Instructions to follow:
Exact retyping of the data: please keep every word and drop each picture.

Data block:
• • • • •
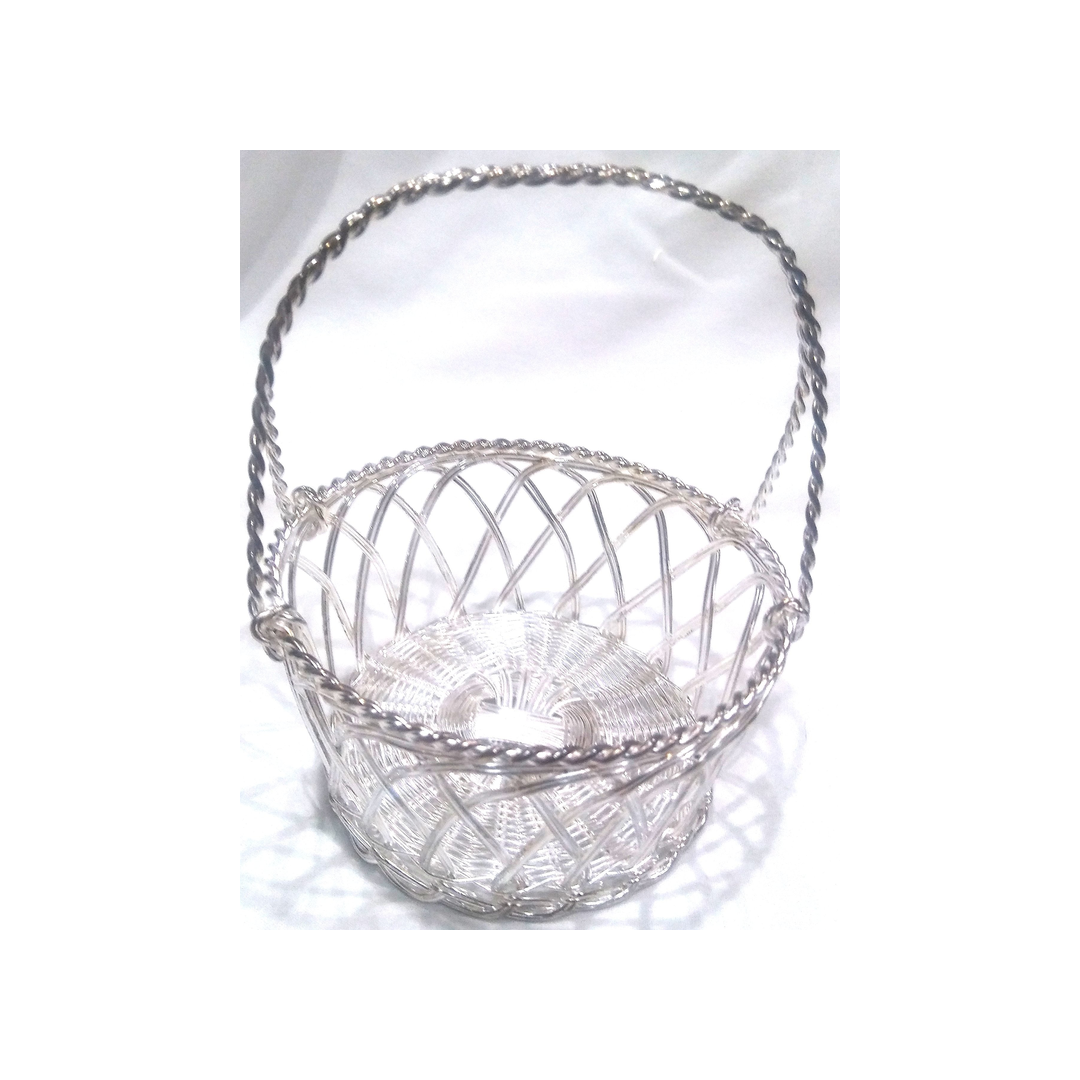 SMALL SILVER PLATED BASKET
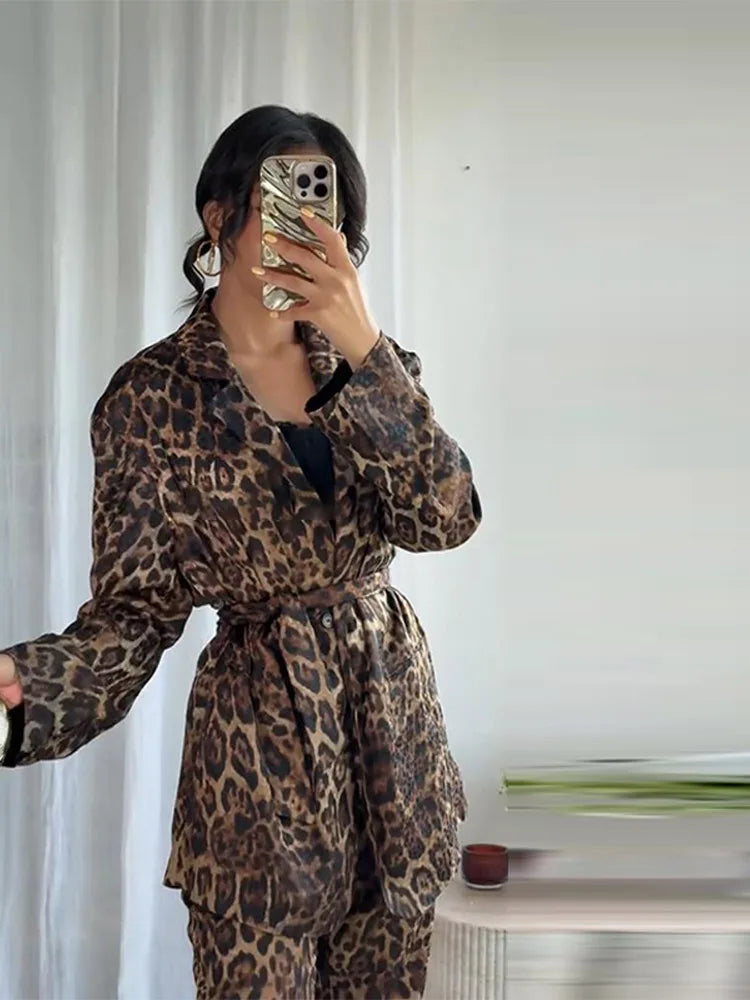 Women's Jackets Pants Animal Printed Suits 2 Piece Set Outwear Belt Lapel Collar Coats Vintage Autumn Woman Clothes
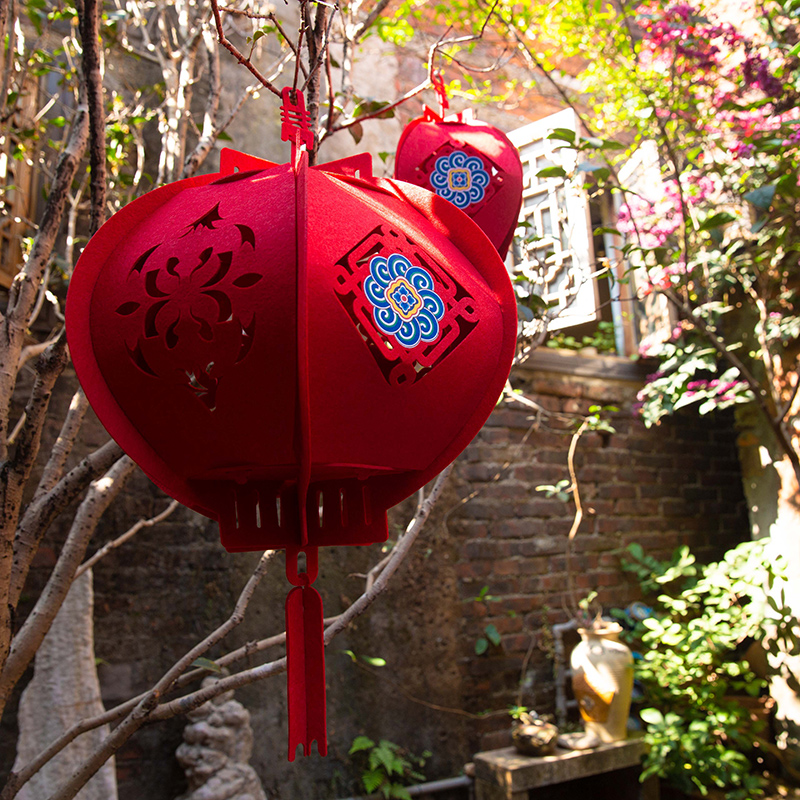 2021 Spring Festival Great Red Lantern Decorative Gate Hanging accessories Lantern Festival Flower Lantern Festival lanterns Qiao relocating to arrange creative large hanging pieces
• • • • •
Output of the task:
 SMALL SILVER PLATED BASKET
 Women's Jackets Pants Animal Printed Suits 2 Piece Set Outwear Belt Lapel Collar Coats Vintage Autumn Woman Clothes
 2021 Spring Festival Great Red Lantern Decorative Gate Hanging accessories Lantern Festival Flower Lantern Festival lanterns Qiao relocating to arrange creative large hanging pieces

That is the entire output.